Dans ce billet d’humeur, puisque c’en est un, j’évoque ainsi la décision de la Cour d’appel d’Agen du 10 janvier 2023.

Où un argumentaire en défense mentionne une décision de la Cour de cassation… sans préciser ses conditions d’application

Nous renvoyons le lecteur intéressé à cette décision pour le détail des faits. Résumons simplement la partie qui nous intéresse :

  • Un employeur a des éléments probants l’incitant à contrôler le poste informatique d’un de ses salariés fin novembre 2019 ;
  • En application d’une charte informatique1 soumise au CSE de la société le 15 juin 2015 puis annexée au règlement intérieur, avec copie adressée à l’ensemble des salariés de la société et du groupe le 19 octobre 2015 ;
  • A l’issue du contact effectué et d’une mise à pied, l’employeur licencie le salarié pour faute grave ;
  • Le salarié le conteste devant les tribunaux le 24 février 2020.

Jusque-là, rien d’innovant ni de surprenant.

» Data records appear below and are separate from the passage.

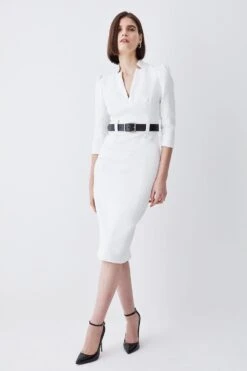 Karen Millen Petite Structured Crepe Belted Forever Midi Dress -Karen Millen Shop ivory petite structured crepe belted forever midi dress 1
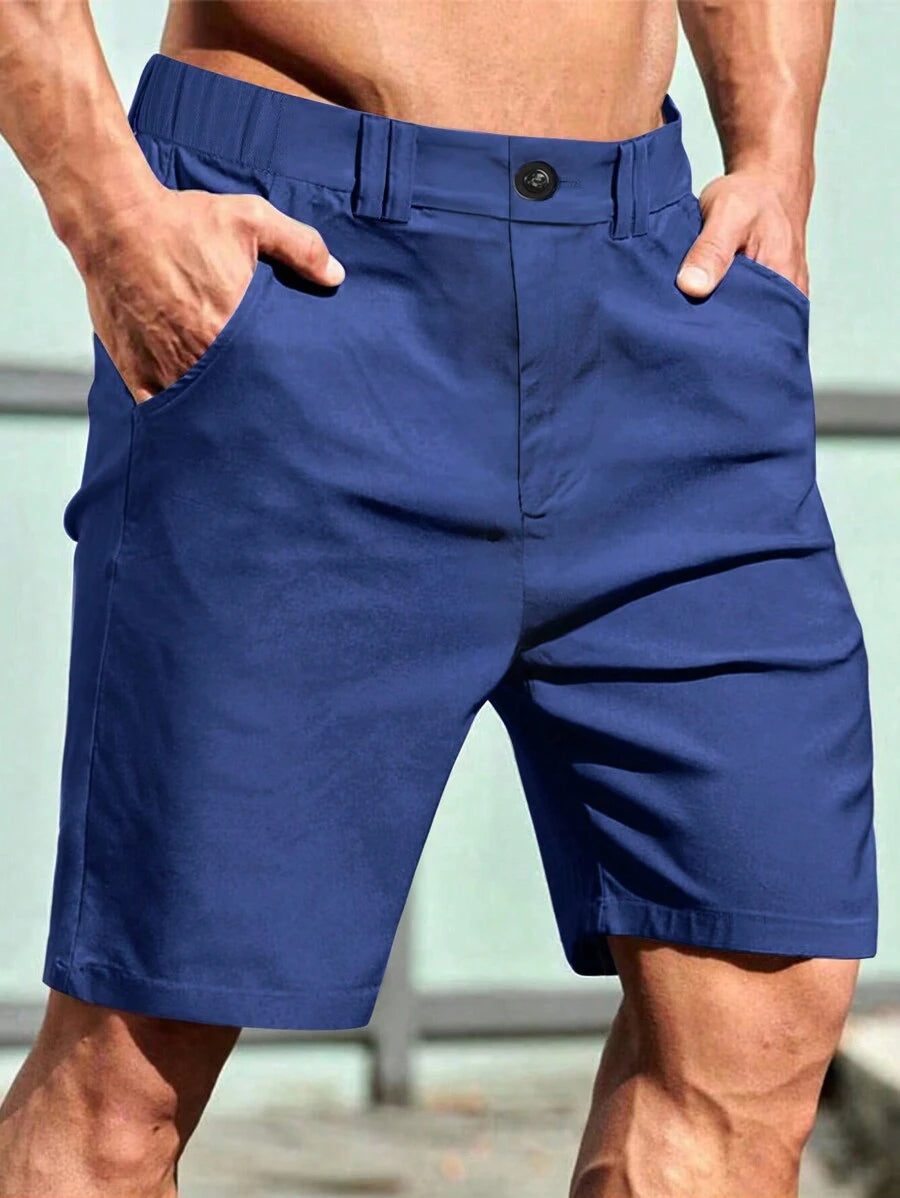 Bermuda athlétique taille haute avec bouton – Coupe streetwear pour homme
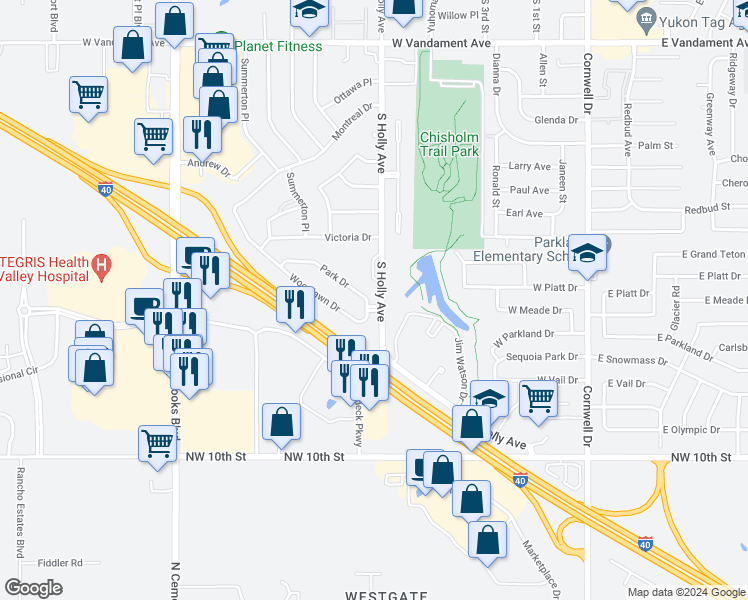 map of restaurants, bars, coffee shops, grocery stores, and more near 601 Woodlawn Drive in Yukon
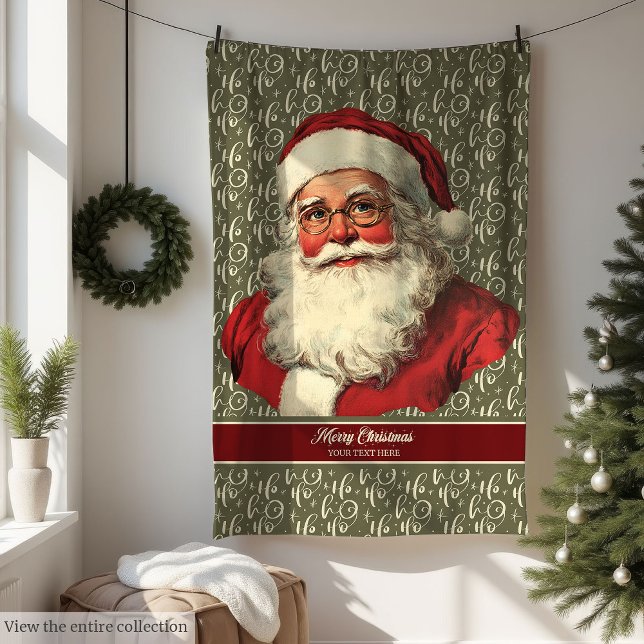 Sweet Retro Santa Claus Throw for Holiday Decor Fleece Blanket (Sweet Retro Santa Claus Throw for Holiday Decor)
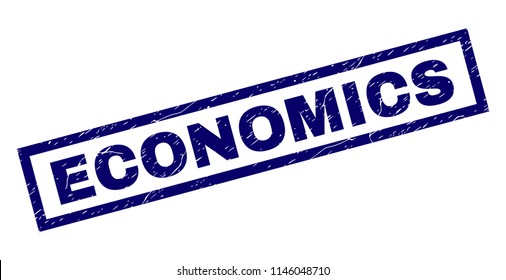 Rectangle ECONOMICS seal stamp with corroded texture. Rubber seal imitation has rectangle frame. Blue vector rubber print of ECONOMICS title with dirty texture.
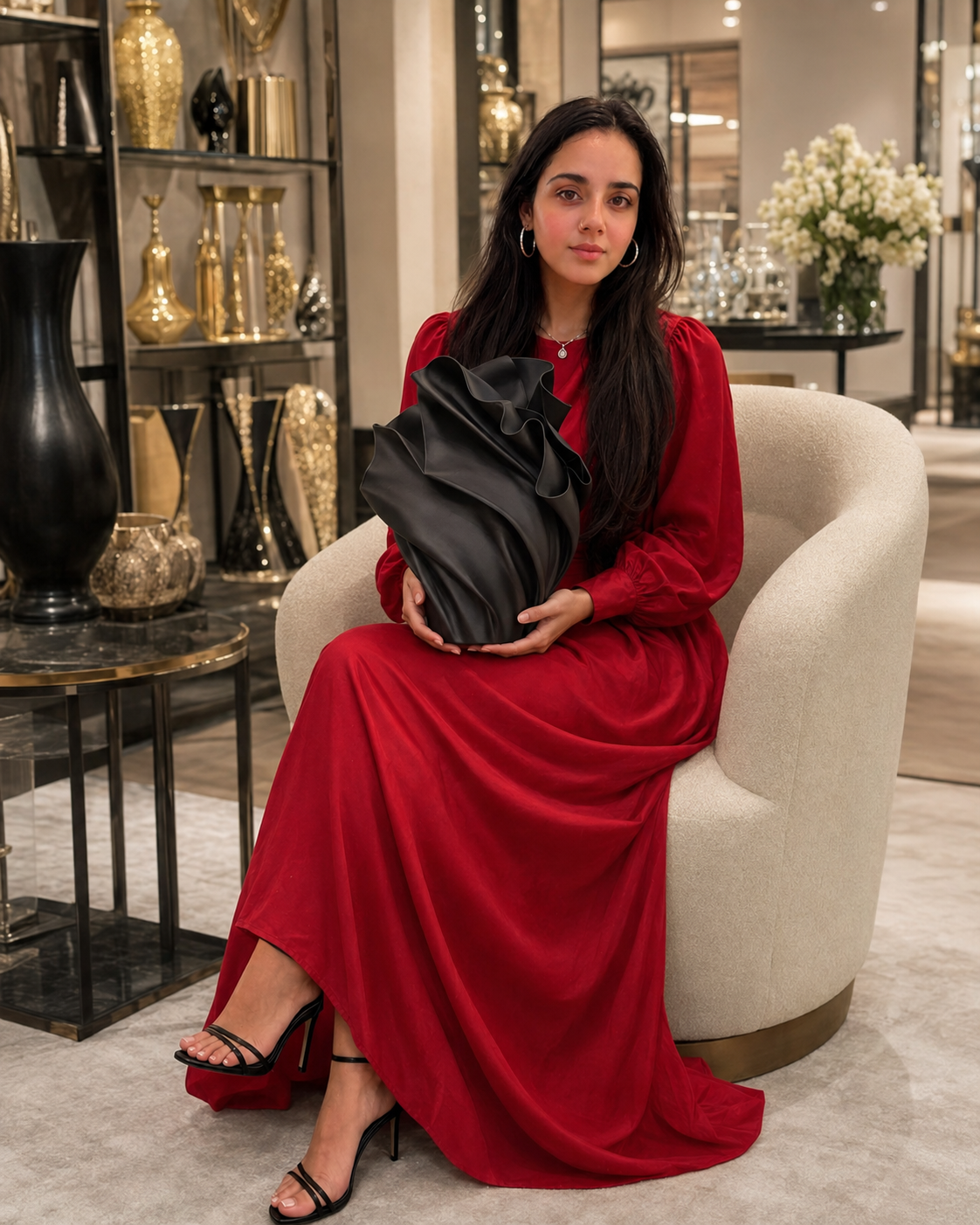 A woman with long dark hair sits in a cream-colored armchair inside a luxury boutique, wearing a long-sleeved red maxi dress and holding a black ruffled vase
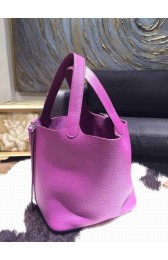 Copy Hermes Picotin Lock Bag 22cm Taurillon Clemence Palladium Hardware Hand Stitched, Anemone P9 RS10285
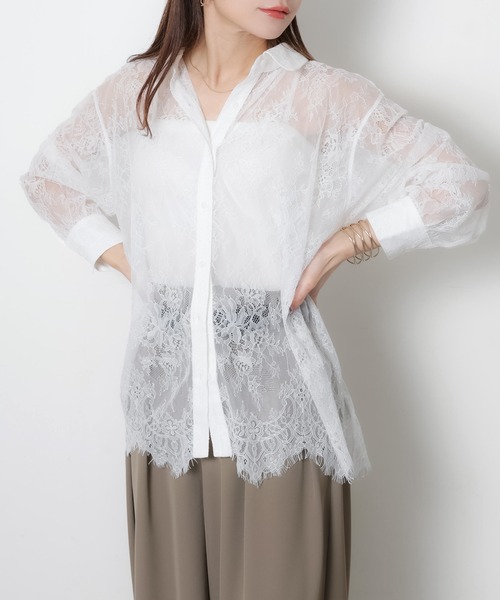 Riberry（リベリー）の「裾スカラップレースシアーシャツ（シャツ/ブラウス・レディース・オフホワイト/ブラック・FREE）」の11枚目の写真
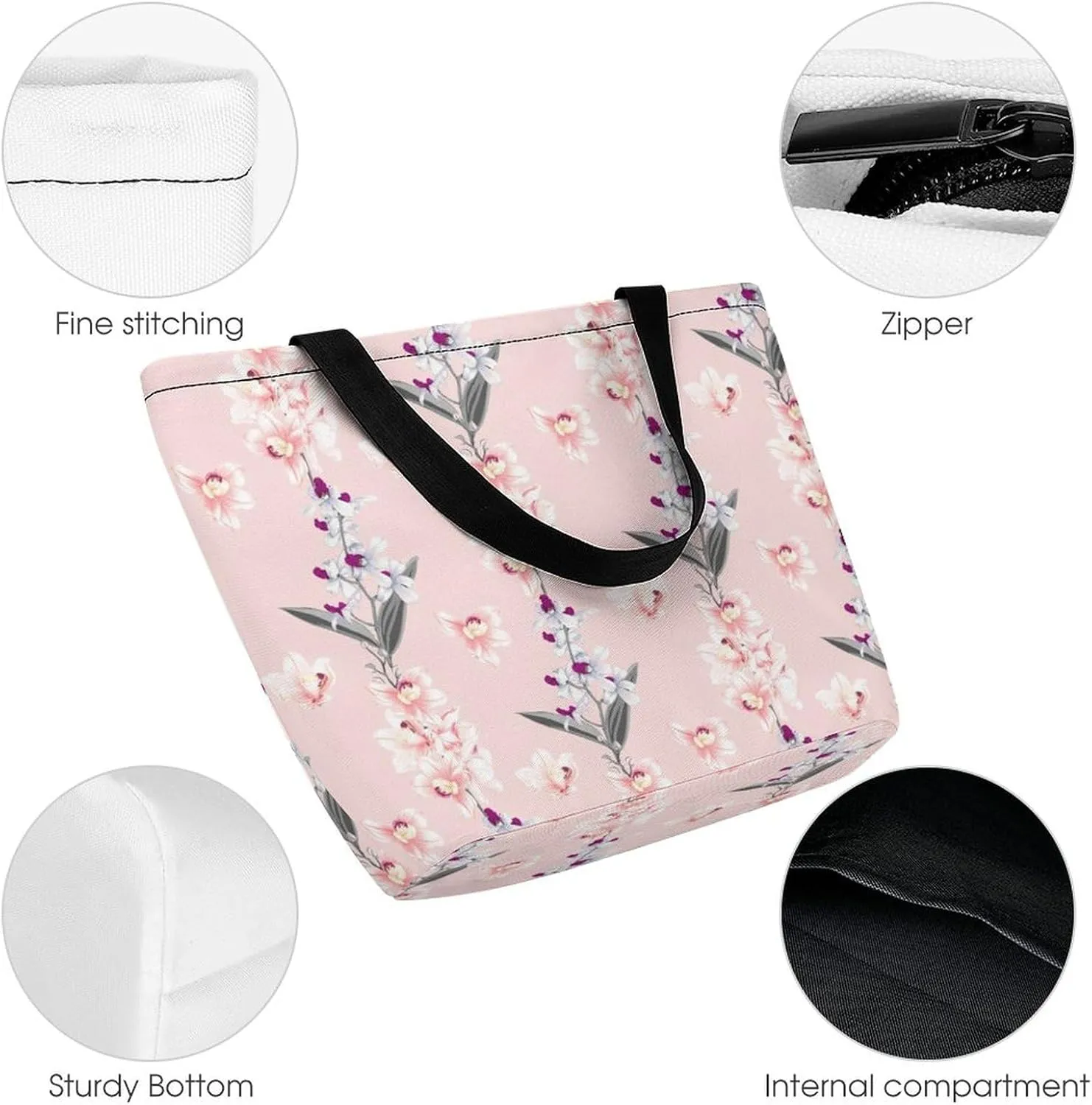 Red Rose Flowers Print Hobo Handbags With Zipper Women's Tote Handbags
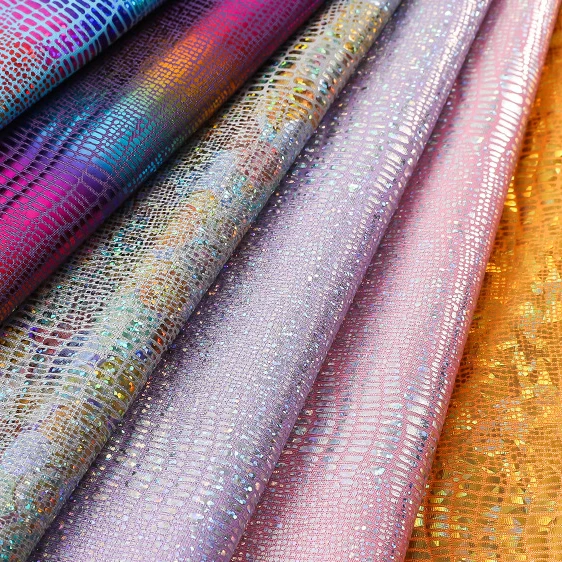 4 Way Stretch Recycling Laserable Metallic Rainbow Snake Texture Polyester Spandex Fabric for Swimsuit Making Bag Garment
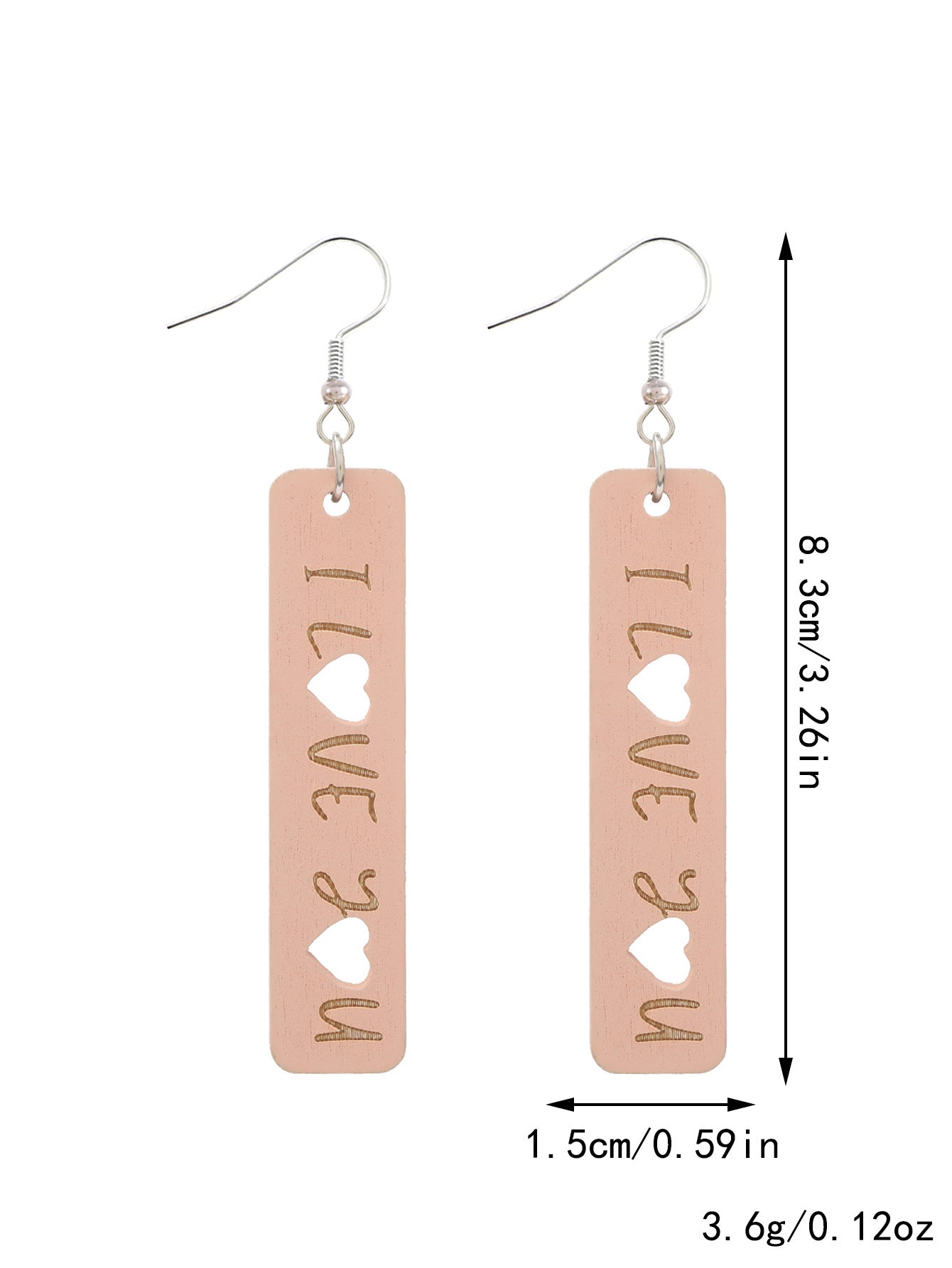 Wholesale Plaid Striped English Letter LOVE Wooden Heart-shaped Earrings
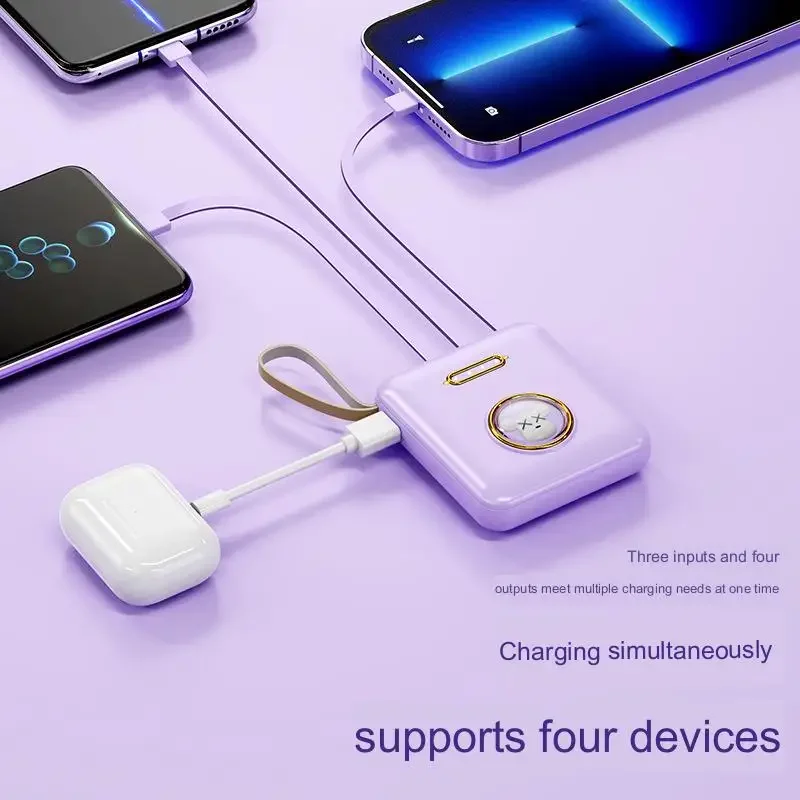Mini Powerbank 10000Mah Cute Compact Batteria Esterna Caricabatterie Portatile Integrato 4 Cavi Per Iphone Ipad Samsung Andiord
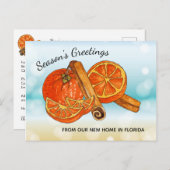 フロリダ州の祝日の新しい住所 案内ポストカード (正面/裏面)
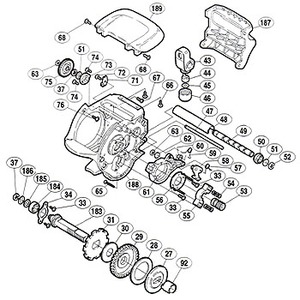 シマノ（SHIMANO） パーツ：00 スーパー小船 C800 A-RB メインギヤ座金（D）（部品No.051）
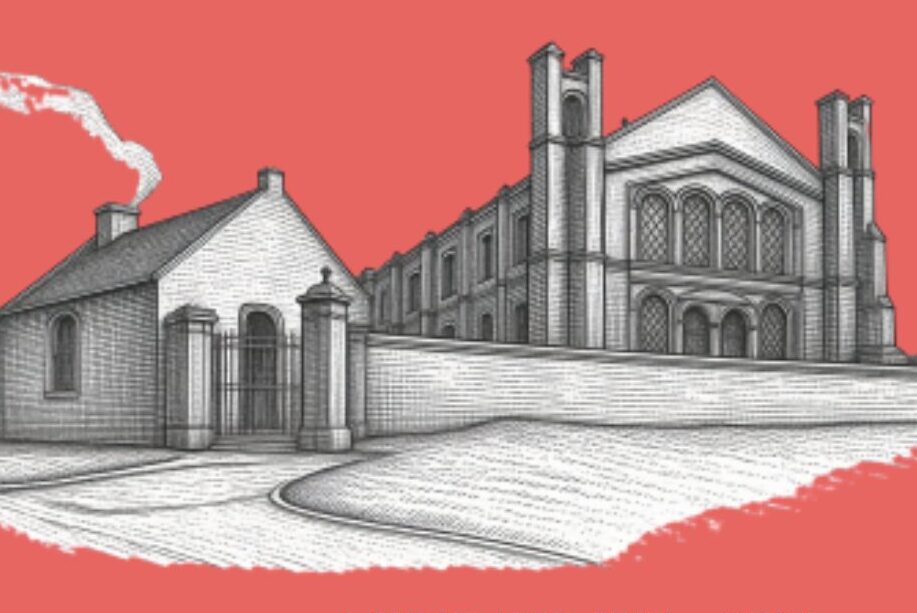 Illustration of a church and an old building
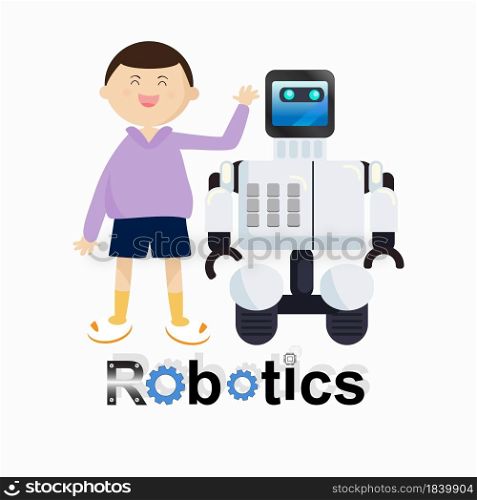 Happy kid playing with toy robot at home. Robotics and boy mechanic repairing the robot. emblem of robotics. isolated on white. Flat vector illustration For education, science, and technology.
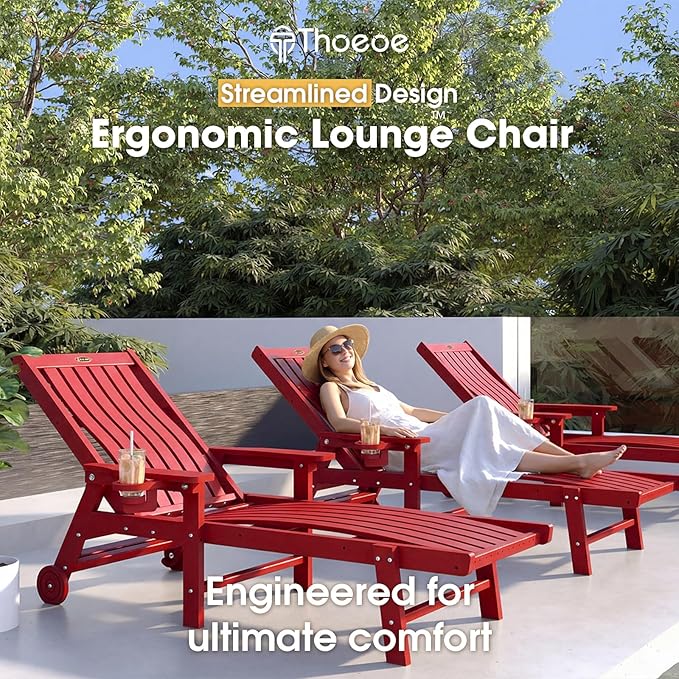 Patio Chaise Lounge Chair, Oversized Lounge Chair Outdoor with 5 Positions, HDPE, Patio Lounge Chair with Wheels & Cup Holder for Pool, Deck, Poolside,Red THOEOE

Ce qui l’est beaucoup plus est la défense du salarié devant la Cour d’appel : il évoque une décision de la Cour de cassation, mais sans en préciser toutes les limites.

L’argumentaire se fonde en effet sur :

  • la question de la licéité du moyen de preuve utilisé par l’employeur. La question posée, centrale, se concentre sur la licéité du « recueil d’informations par huissier de justice provenant des fichiers et leur recoupement avec les messages envoyés de l’adresse IP attribuée au salarié » ;
  • et sur l’attendu de l’arrêt de la Cour de cassation du 25 novembre 2020. La cour d’appel rappelle ainsi que la Cour de cassation […] a confirmé qu’une adresse IP était une donnée personnelle » (vrai), « de sorte que leur collecte par l’exploitation d’un fichier de journalisation constitue un traitement de données à caractère personnel » (toujours vrai) « qui doit faire l’objet d’une déclaration préalable auprès de la Commission nationale de l’informatique et des libertés » (à l’heure actuelle complètement faux).

Et c’est toute l’ambiguïté de la situation. La Cour de cassation a bien dit le 25 novembre 2020 que le traitement d’un fichier de journalisation devait faire l’objet d’une déclaration préalable auprès de la CNIL. MAIS en précisant bien que c’était au visa de l’article 23 de la loi du 6 janvier 1978, dans sa version antérieure à l’entrée en vigueur du RGPD. Cette précision, cruciale, essentielle, a été omise dans l’argumentation de la défense.

Le RGPD, applicable ou pas ?

Pour les lecteurs non juristes, rappelons que les magistrats en matière civile se prononcent au regard des règles de droit applicables au moment du litige. Dans l’affaire jugée par la Cour de cassation, le licenciement pour faute grave s’est produit le 23 mars 2015. Il est donc normal que ce soit la loi de 1978 dans sa version antérieure au RGPD qui fonde à la décision.

Mais tel n’est pas le cas en l’espèce, les faits de la présente affaire datant de fin 2019.

Or, rappelons en effet que le règlement général sur la protection des données (RGPD), du 27 avril 2016 et applicable depuis 25 mai 2018, a supprimé le principe de déclaration préalable des traitements dans la très grande partie des cas, pour ne plus subsister que dans des hypothèses très limitées pour certains traitements de données (données de santé).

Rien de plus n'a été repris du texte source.